Available data:
---

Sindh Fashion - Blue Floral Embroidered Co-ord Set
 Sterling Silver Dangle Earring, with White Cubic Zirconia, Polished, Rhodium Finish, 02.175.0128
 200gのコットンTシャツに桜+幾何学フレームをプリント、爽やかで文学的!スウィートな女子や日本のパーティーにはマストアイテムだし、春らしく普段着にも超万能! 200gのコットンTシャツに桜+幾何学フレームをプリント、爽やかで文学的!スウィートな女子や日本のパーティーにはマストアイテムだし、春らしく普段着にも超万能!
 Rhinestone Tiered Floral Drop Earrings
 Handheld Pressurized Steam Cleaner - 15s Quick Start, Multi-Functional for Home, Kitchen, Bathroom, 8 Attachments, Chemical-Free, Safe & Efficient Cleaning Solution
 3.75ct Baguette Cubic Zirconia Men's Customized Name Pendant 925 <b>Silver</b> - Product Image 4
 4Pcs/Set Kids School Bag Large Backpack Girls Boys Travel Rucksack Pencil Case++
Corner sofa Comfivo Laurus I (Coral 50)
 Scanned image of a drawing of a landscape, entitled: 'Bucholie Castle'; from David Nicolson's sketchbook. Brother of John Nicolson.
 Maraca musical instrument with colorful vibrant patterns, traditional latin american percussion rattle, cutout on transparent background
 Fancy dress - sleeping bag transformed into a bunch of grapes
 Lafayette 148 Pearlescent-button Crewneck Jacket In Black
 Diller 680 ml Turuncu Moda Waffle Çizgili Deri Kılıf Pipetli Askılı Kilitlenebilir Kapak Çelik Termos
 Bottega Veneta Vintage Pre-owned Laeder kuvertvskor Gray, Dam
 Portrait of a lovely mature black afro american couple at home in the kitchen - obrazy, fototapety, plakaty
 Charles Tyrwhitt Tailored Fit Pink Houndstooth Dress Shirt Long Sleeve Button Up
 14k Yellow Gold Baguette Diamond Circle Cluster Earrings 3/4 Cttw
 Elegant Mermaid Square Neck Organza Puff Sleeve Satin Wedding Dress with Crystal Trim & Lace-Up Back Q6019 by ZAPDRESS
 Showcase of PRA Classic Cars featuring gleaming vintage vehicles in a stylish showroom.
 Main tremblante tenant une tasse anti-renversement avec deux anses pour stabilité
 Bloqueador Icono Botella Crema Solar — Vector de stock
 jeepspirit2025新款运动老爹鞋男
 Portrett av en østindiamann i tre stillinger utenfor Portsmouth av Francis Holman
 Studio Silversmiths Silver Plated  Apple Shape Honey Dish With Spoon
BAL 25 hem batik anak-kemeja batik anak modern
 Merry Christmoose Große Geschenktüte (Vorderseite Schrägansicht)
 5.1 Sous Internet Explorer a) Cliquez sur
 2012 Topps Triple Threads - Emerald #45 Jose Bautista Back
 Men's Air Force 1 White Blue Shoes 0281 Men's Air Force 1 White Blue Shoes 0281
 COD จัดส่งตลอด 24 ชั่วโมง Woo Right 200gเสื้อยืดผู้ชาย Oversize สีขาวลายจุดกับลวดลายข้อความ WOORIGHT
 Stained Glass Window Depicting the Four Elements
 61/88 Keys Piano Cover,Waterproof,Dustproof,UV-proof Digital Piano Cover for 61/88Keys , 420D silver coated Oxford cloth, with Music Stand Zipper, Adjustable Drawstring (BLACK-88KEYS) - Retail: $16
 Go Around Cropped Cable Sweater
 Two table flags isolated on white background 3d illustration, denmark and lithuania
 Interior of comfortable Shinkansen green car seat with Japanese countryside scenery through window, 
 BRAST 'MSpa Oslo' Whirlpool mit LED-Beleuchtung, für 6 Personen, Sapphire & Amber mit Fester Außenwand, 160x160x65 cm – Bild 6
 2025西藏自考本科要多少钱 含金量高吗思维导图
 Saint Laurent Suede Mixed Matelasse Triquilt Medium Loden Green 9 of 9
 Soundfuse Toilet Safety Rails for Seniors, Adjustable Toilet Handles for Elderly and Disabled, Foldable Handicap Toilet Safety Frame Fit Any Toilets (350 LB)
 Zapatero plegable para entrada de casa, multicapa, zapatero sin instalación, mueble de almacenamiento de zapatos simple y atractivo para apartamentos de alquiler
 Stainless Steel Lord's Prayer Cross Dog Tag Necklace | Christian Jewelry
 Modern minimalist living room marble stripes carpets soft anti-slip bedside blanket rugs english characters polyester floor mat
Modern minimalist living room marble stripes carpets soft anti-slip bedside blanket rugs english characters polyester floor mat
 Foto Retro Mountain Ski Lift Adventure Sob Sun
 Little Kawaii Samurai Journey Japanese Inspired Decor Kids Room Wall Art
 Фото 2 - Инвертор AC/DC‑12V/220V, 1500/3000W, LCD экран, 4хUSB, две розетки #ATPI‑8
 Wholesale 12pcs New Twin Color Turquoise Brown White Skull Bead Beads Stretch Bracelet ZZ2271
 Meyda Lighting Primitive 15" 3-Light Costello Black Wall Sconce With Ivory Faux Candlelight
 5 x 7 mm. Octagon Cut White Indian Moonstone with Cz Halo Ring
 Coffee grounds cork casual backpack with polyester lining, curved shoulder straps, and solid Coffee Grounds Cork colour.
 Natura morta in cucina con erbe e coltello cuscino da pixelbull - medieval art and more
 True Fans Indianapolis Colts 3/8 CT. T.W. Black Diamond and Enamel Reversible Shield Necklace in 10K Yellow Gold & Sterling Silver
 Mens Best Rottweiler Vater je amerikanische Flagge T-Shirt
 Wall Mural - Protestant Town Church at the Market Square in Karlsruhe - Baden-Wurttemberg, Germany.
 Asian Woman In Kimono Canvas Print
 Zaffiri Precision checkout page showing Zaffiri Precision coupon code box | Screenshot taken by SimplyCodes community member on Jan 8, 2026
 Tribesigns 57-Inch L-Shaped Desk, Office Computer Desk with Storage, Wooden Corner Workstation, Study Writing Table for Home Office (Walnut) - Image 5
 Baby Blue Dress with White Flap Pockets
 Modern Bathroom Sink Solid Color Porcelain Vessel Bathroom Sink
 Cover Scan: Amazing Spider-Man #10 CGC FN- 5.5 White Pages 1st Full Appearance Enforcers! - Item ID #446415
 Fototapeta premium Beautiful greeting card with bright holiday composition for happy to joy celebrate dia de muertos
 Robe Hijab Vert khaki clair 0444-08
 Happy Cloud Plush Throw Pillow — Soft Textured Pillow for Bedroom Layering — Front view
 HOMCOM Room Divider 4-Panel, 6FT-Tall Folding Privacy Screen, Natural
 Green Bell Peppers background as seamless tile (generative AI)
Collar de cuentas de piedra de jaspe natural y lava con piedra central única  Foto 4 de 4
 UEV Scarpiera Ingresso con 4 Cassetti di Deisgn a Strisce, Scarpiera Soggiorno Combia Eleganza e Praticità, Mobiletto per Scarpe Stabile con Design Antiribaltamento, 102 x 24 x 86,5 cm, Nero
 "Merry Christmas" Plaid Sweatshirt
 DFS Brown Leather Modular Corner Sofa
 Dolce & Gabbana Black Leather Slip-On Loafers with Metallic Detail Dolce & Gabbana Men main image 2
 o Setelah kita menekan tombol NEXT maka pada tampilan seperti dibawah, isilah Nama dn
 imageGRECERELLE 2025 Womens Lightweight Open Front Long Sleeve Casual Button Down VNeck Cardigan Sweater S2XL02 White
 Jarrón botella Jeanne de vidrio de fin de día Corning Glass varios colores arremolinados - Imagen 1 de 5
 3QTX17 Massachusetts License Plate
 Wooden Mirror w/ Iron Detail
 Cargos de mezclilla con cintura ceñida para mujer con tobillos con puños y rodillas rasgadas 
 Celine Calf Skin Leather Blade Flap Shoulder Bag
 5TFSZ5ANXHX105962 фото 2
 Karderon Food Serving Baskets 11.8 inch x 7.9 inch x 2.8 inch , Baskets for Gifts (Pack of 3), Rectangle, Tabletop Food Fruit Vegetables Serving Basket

---

What you need to do:
Given the data above, transcribe exactly the lines from the one containing "5 x 7 mm. Octagon" down to the one containing "Tribesigns 57-Inch L-Shaped", and no others.

Answer to this exercise:
 5 x 7 mm. Octagon Cut White Indian Moonstone with Cz Halo Ring
 Coffee grounds cork casual backpack with polyester lining, curved shoulder straps, and solid Coffee Grounds Cork colour.
 Natura morta in cucina con erbe e coltello cuscino da pixelbull - medieval art and more
 True Fans Indianapolis Colts 3/8 CT. T.W. Black Diamond and Enamel Reversible Shield Necklace in 10K Yellow Gold & Sterling Silver
 Mens Best Rottweiler Vater je amerikanische Flagge T-Shirt
 Wall Mural - Protestant Town Church at the Market Square in Karlsruhe - Baden-Wurttemberg, Germany.
 Asian Woman In Kimono Canvas Print
 Zaffiri Precision checkout page showing Zaffiri Precision coupon code box | Screenshot taken by SimplyCodes community member on Jan 8, 2026
 Tribesigns 57-Inch L-Shaped Desk, Office Computer Desk with Storage, Wooden Corner Workstation, Study Writing Table for Home Office (Walnut) - Image 5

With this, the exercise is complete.